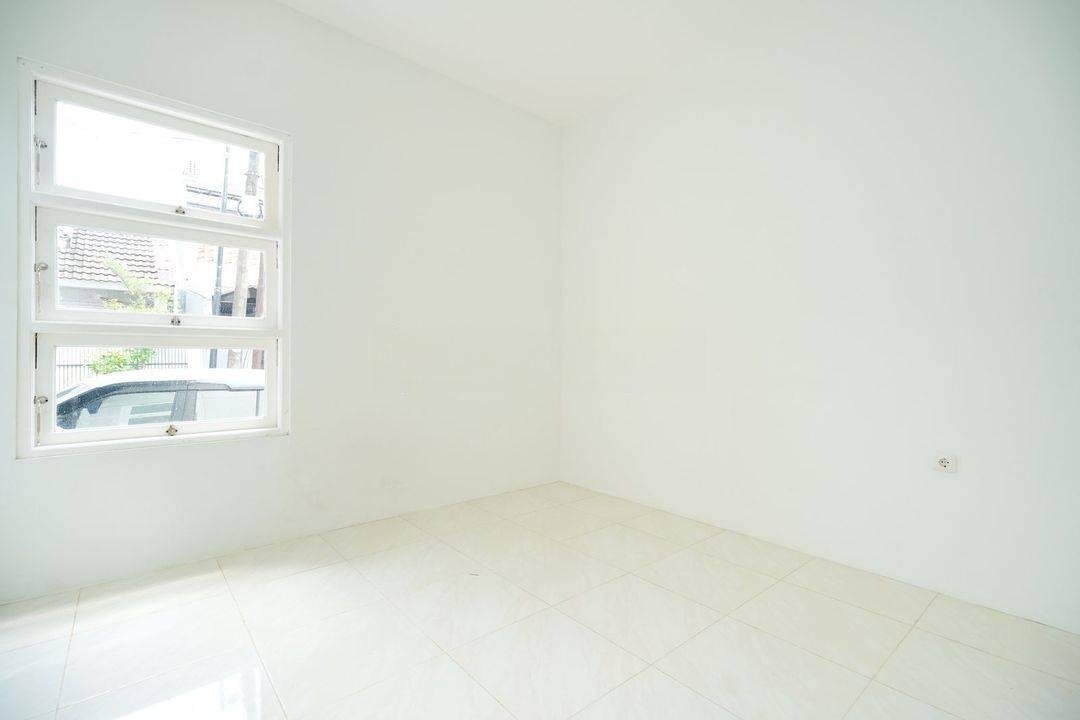 Rumah Mewah 2 Lt di Graha Raya 8 Menit Ke Tol Parigi Full Furnished J15976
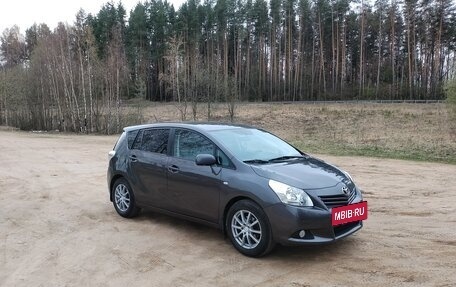 Toyota Verso I, 2009 год, 900 000 рублей, 2 фотография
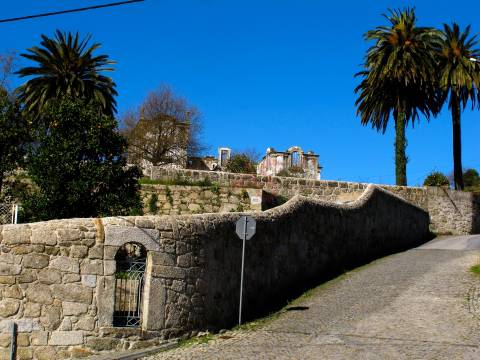 Palacete da 2.ª década do séc. XX, inserido em terreno de 10707 m2, c/ PIP APROVADO em Paredes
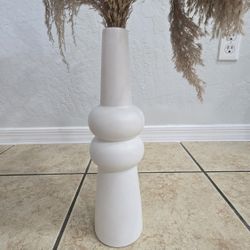 Pampass Grass Vase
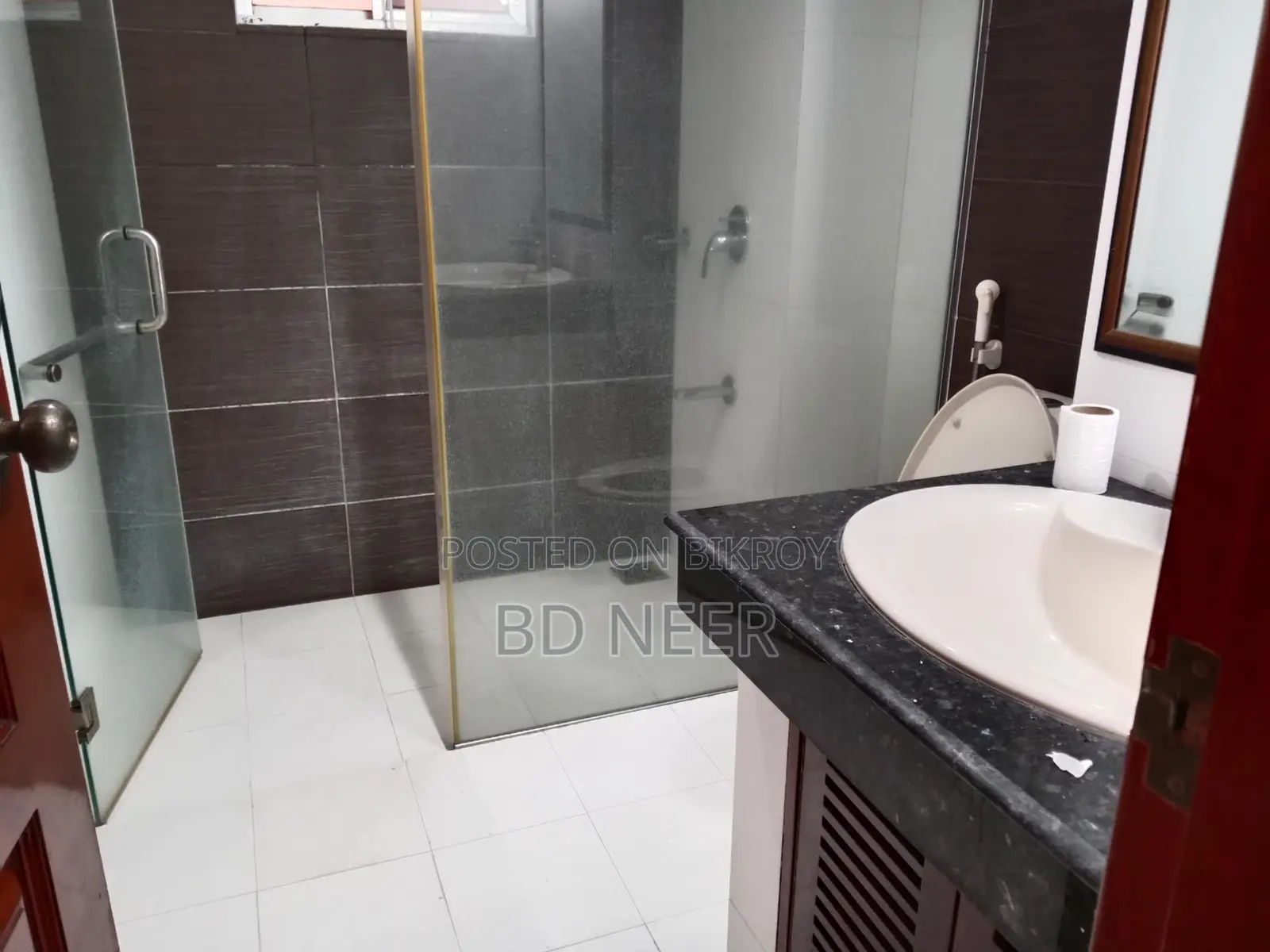 very good looking fully furnish 4 Bed room apt available in Gulshan 2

==========

== Instructions for the task ==
Give back every record exactly. Omit the pictures.

== Written response ==
 Rumah Mewah 2 Lt di Graha Raya 8 Menit Ke Tol Parigi Full Furnished J15976
 Toyota Verso I, 2009 год, 900 000 рублей, 2 фотография
 Palacete da 2.ª década do séc. XX, inserido em terreno de 10707 m2, c/ PIP APROVADO em Paredes
 Pampass Grass Vase
 very good looking fully furnish 4 Bed room apt available in Gulshan 2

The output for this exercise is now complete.